The Problem Of Selection

Formulation of the problem is of great importance to the kind of answer arrived at in the end. The formulation of the problem depends on the purpose of the analysis, and the purpose is to reveal some essential logical structures in the selection process. We are now moving into a broad and difficult field within theory of science, it is the field concerned with the relationship between general or ‘nomological’ knowledge and concrete, ‘ontological’ knowledge. This relationship between general, nomological knowledge and concrete, ontological knowledge is basic to understanding that the sciences are composed of a systematic, ‘law-seeking’ part, and when trying to use a science to investigate specific, practical problems and events. This can be applied to most of the sciences; theoretical physics being used on practical problems, for instance, Newtonian mechanics can be used to calculate the time for a specific solar eclipse, or other general physical laws can be used in specific weather forecasts, or theoretical economics can be used to explain specific economic events; or within our own archival realm, a generally formulated selection-typology or subject-typology can be used to decide whether a specific recording is to be selected or erased!
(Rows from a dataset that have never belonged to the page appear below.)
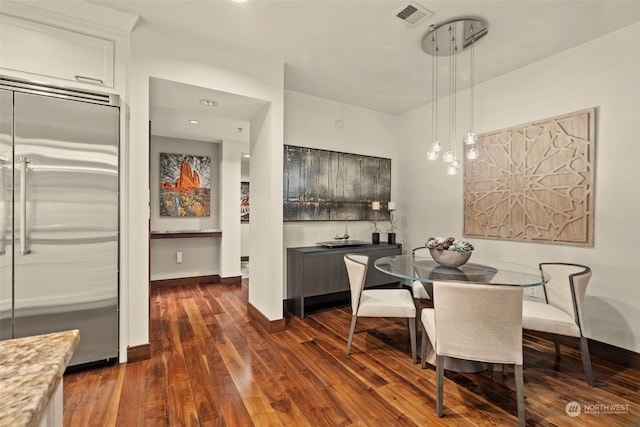 dining space featuring dark wood-type flooring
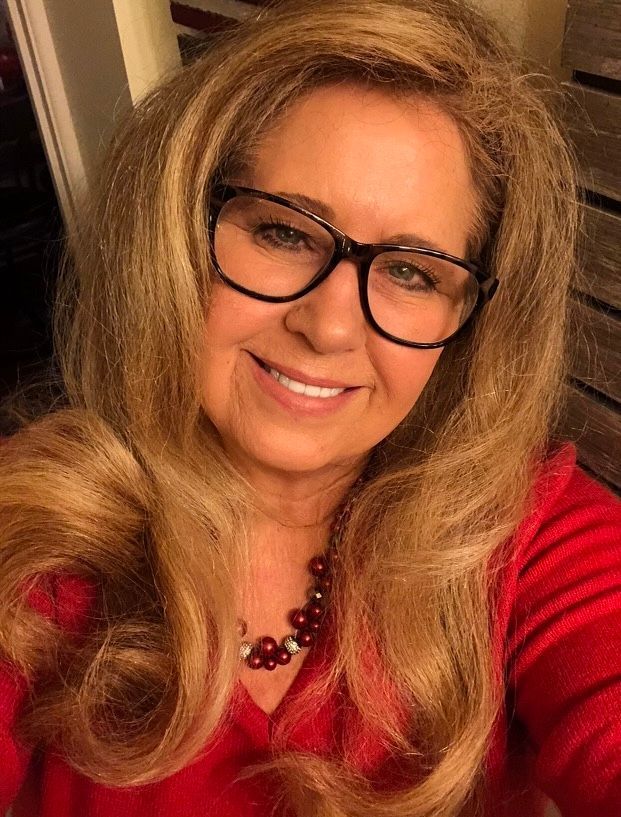 Woman with long blonde hair, glasses, and red top smiles at the camera; a red necklace is visible.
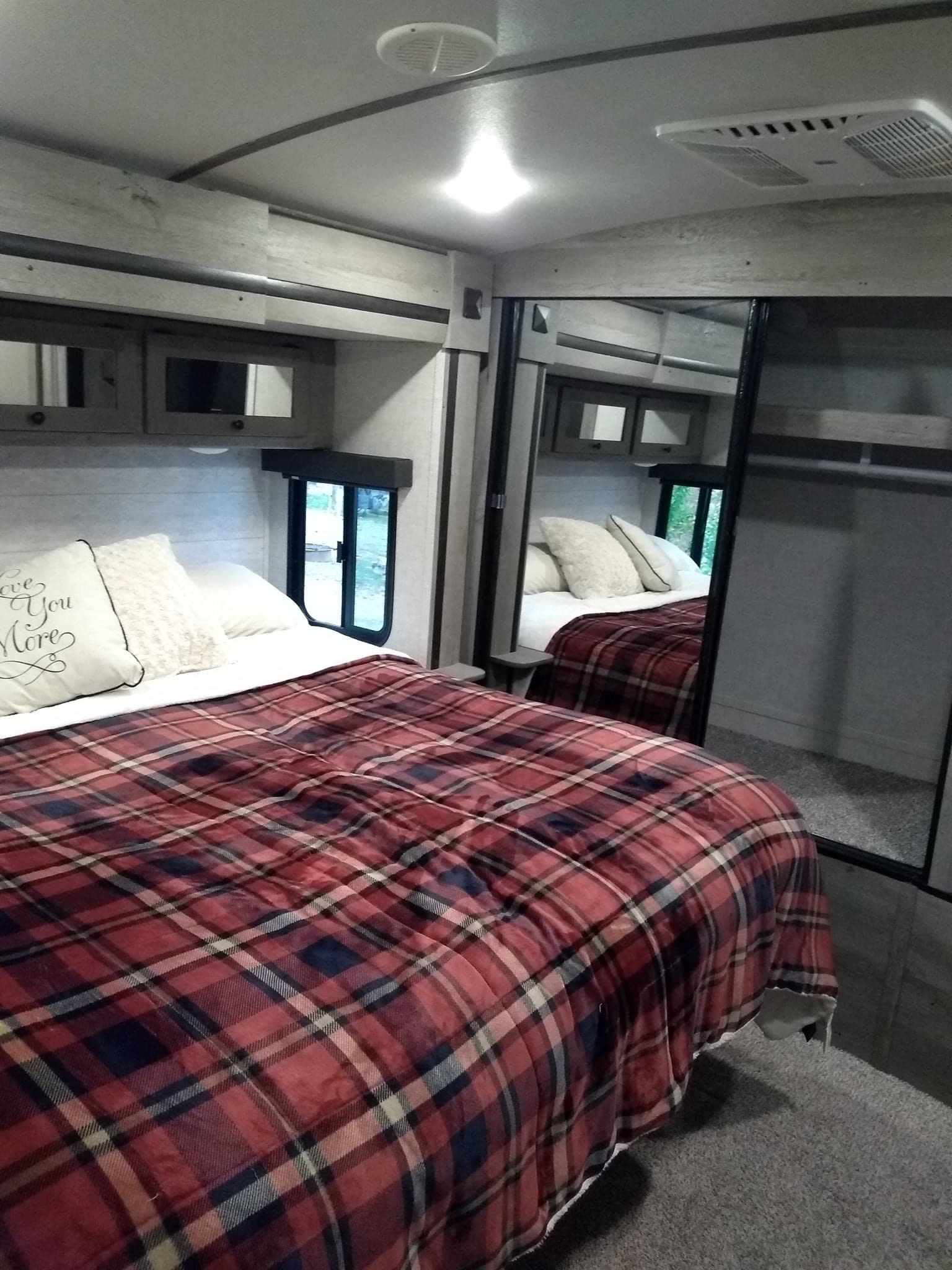 Step into comfort! This RV rental features a cozy bedroom with plaid bedding, mirrored storage, and compact design.. Keystone Outback 2020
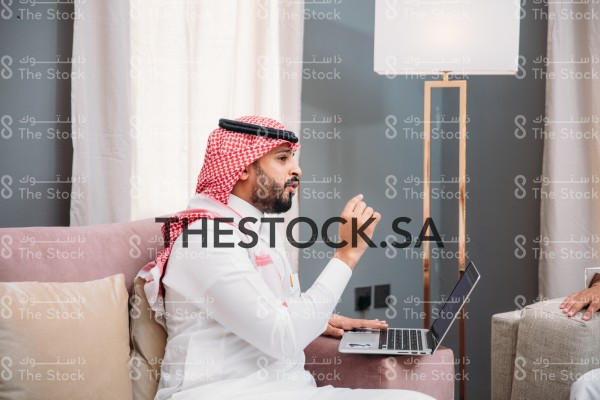 رجل سعودي يرتدي الثوب و الشماغ، يتحدث وهو يمسك بلكمبيوتر المحمول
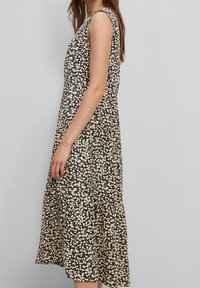 Vestido sin mangas con estampado floral en negro y crema, que presenta un diseño fluido con un dobladillo fruncido para aportar movimiento y textura.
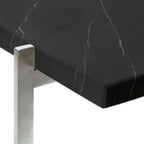 Detail view of the black marble and stainless steel base of the PK61 Coffee Table | Nue Modern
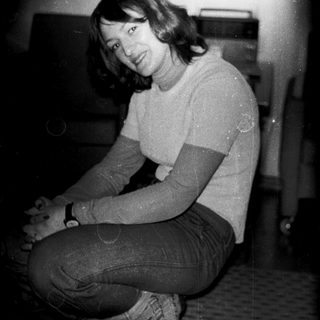 A person sitting indoors in casual clothing.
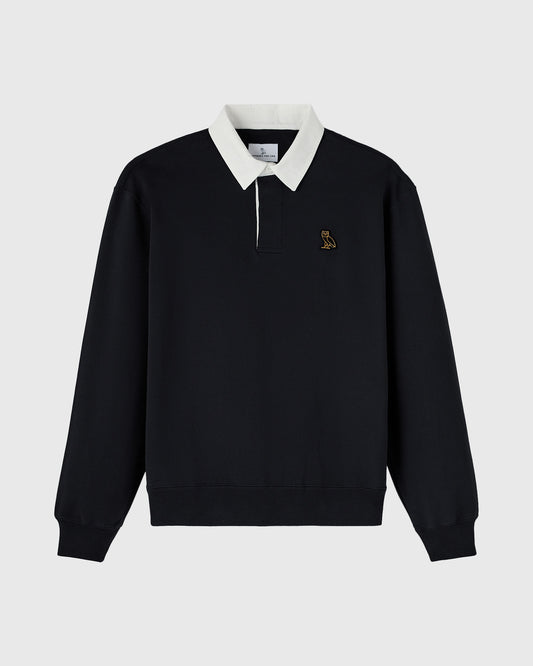 Black rugby polo with cream collar, quarter-zip front, and small embroidered bird logo on chest.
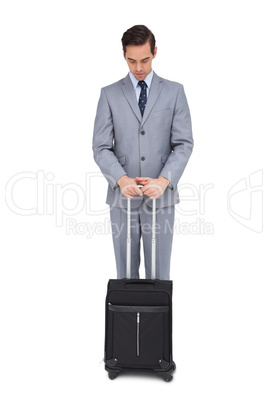 Serious young businessman waiting with his suitcase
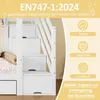 A close-up view of a white bunk bed ladder with storage drawers, featuring marketing text and icons on the right side. Produktbild-Vorschau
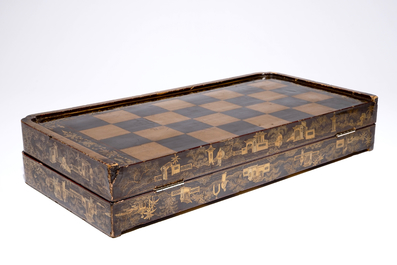 A fine Chinese lacquer chess and backgammon board with ivory game pieces, 19th C.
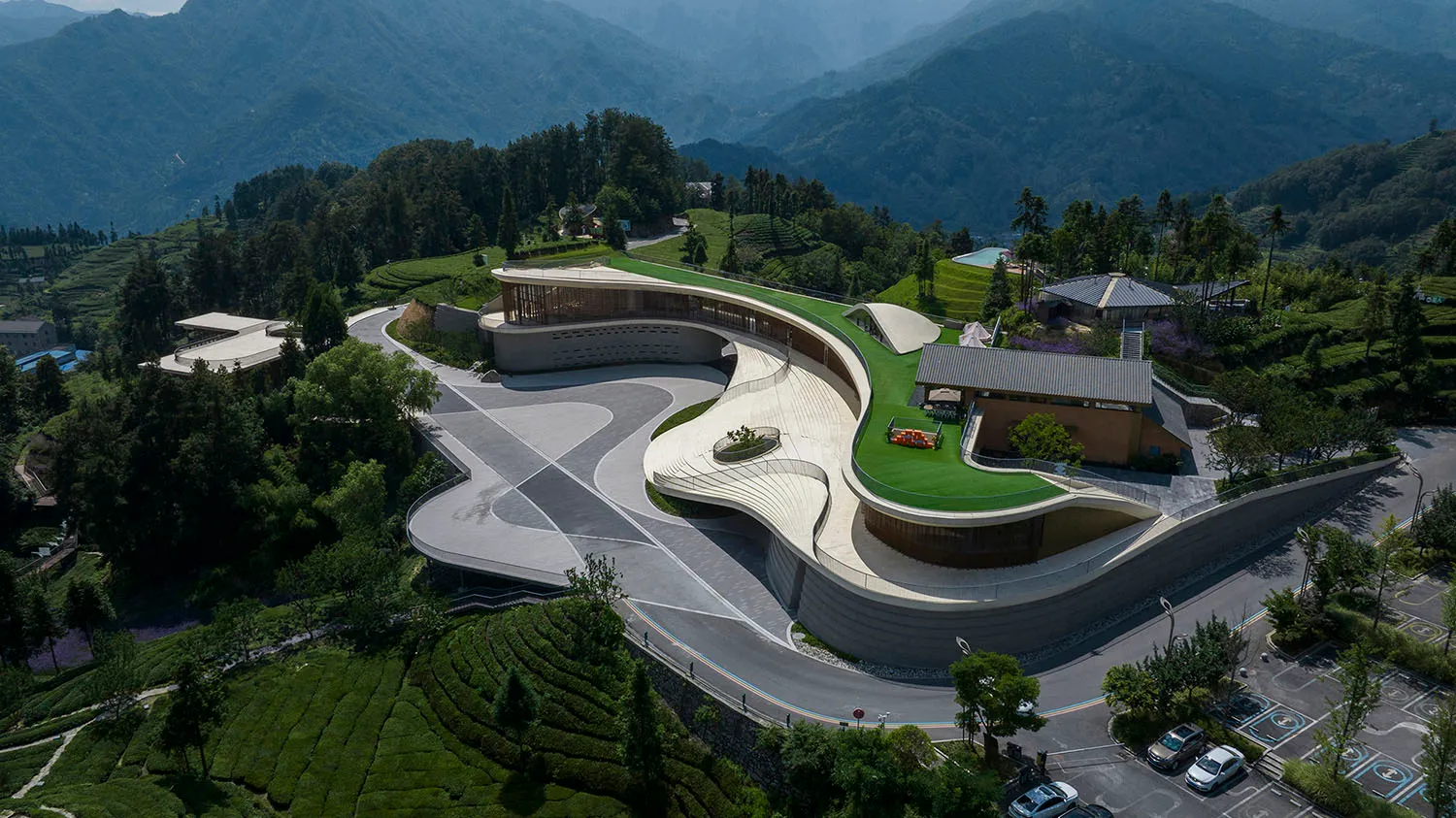 一座擁有混凝土外觀的現代建築,周圍環繞著茂密綠意與山景。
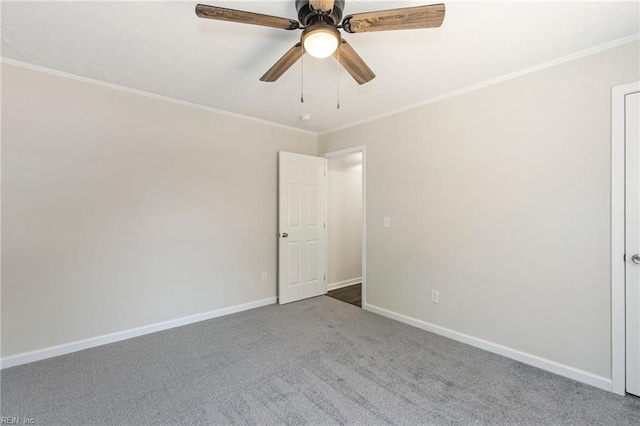 unfurnished room with carpet floors, a ceiling fan, baseboards, and crown molding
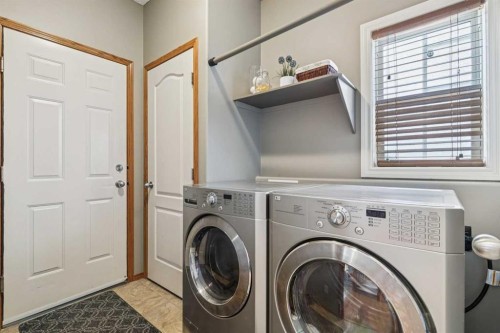 63 Evergreen Heights Sw, Calgary, AB - Indoor Photo Showing Laundry Room
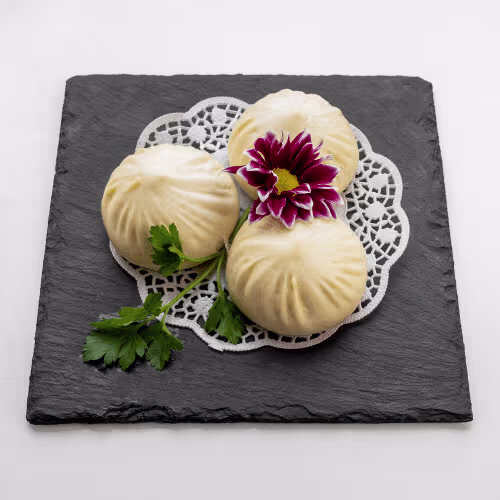 Gedämpfte Teigknödel mit Vanillefüllung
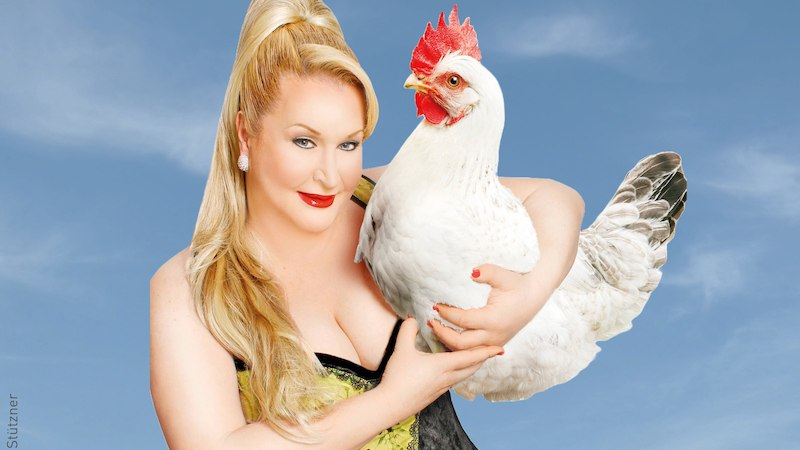 Eine Person mit blonden Haaren h&auml;lt ein wei&szlig;es Huhn vor einem blauen Himmel. Sie tr&auml;gt ein elegantes Outfit und l&auml;chelt in die Kamera., &copy; Stadt Kornwestheim Kulturmanagement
But a subject-typology is not scientific ‘knowledge’; and there are other differences. However, the structure of the problem of the relationship between a generally formulated subject-typology and a specific, concrete decision to select or erase is the same as in the just mentioned sciences. Of course this does not mean that a decision to select or erase has the same degree of precision as an astronomical calculation of the orbit of Halley’s comet; a comparison between selection-decisions and weather-forecasts might be more proper. Selection is not, and cannot become, a science in the classical sense of the word - but the structure of the problem of the relationship between general and specific knowledge is identical in the sciences and in selection-work. When the structure is identical, then we are permitted to use the available philosophical and methodological scientific literature in so far as this literature is concerned with the structure of problems and not for instance with the nature of the objects to be analysed. Before taking up these matters it is important to solve the formulation problem, or rather the two interconnected problems, which appear in the selection process. As it is in the sciences, the case in our archival interest of knowledge is split in two different ways of thinking. One of these is systematic and general and is concerned with the formulation of the archive’s selection-typology or subject-typology, and the other is concerned with the problems of the specific decisions of selection. The selection problem can be formulated as follows: the problem of selection is the problem about the interconnection there is or ought to be between the more or less explicit general subject-typology and the specific selection-decisions. The subject typology need not be explicitly formulated-in a way it is just our general conception of what ‘ought’ to be selected.